1. Benefits. The Company agrees with Employee as follows:
A.     Employee's active full-time employment with the Company will cease on June 30, 2015 (also referred to as the “Early Retirement Date”). During the period through June 30, 2015, Employee is not required or expected to appear in person at the Company’s offices.
B.     For the period beginning July 1, 2015 through June 30, 2016, the Company shall continue to pay Employee his/her present base salary at the rate of $350,001.60 (Three hundred fifty thousand and one dollars and sixty cents) per year, paid in normal bi-weekly payments ("Severance Pay") pursuant to the Company’s normal payroll procedures. The severance amount is in accordance with the letter of employment extended by Exelis and accepted by Employee on December 2, 2013, copy attached as Exhibit C. Except as otherwise specifically set forth in this Agreement, for purposes of the various benefit, equity and incentive plans discussed in this Agreement (other than the Qualified Plans) Employee’s benefit termination date (“Severance End Date”) will be deemed to be the earlier of (i) June 30, 2016, or (ii) the date Employee first engages in any disqualifying conduct.

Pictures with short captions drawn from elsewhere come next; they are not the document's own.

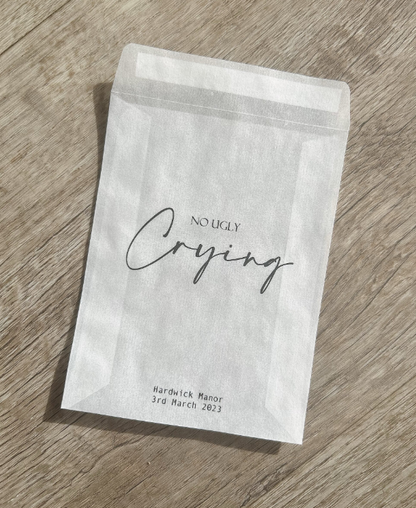 Personalised Wedding Tissue Packs – No Ugly Crying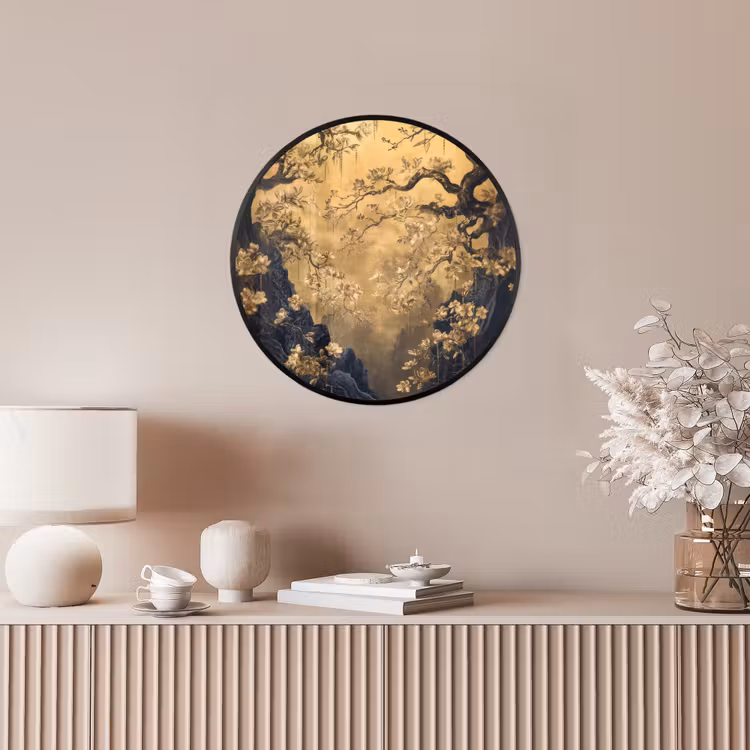 Ronde fotolijst - Bloemen - Takken - Goud - Sierlijk — 5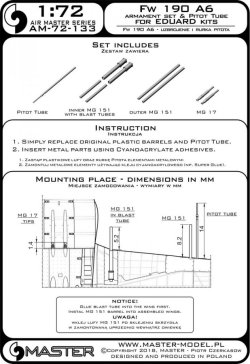 画像3: MASTER[AM-72-133]Fw 190 A6 armament set (MG 17, MG 151 barrel tips) & Pitot Tube (for Eduard kit)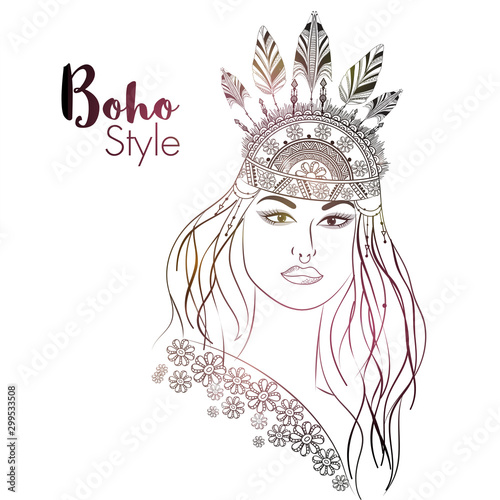 Hand drawn boho style illustration of a girl.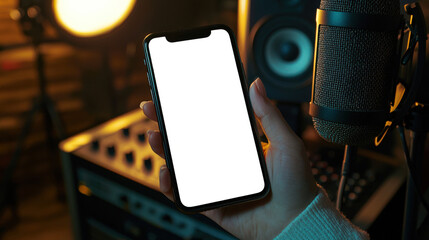 A mockup of a phone in a woman's hand in a dark recording studio. World Radio Day. A man holding a white-screen phone in front of a microphone. Become a radio host. Mobile App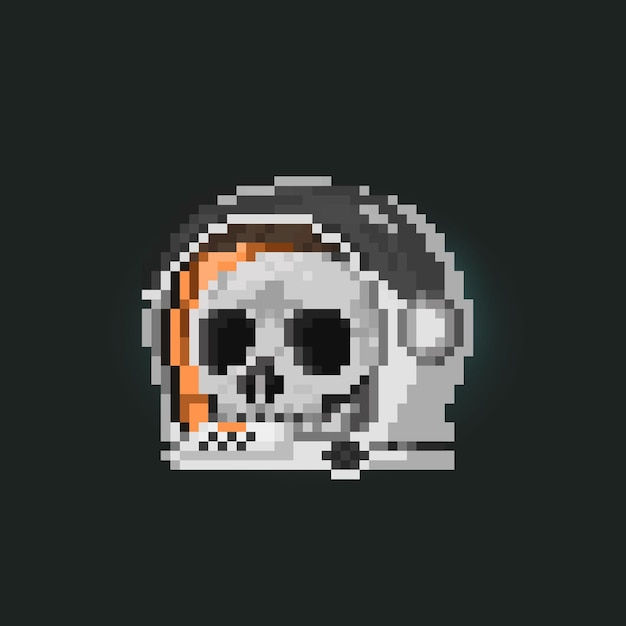 Wallpaper #YjGbNZMB5zzyi_yY1Fda92 Cabeza De Craneo De Pixel Art Dentro Del Icono De Casco De Astronauta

C.     Except as stated in this sub-paragraph C, during the period Employee is receiving Severance Pay, Employee will be eligible for participation in the Company employee benefit plans in accordance with the remaining provisions of such plans. During the Severance Pay period, Employee will not be eligible to participate in any Company short-term or long-term disability plan. Employee will not be eligible to participate in the Company 401(k) Plan.

/s/ TW (Initial)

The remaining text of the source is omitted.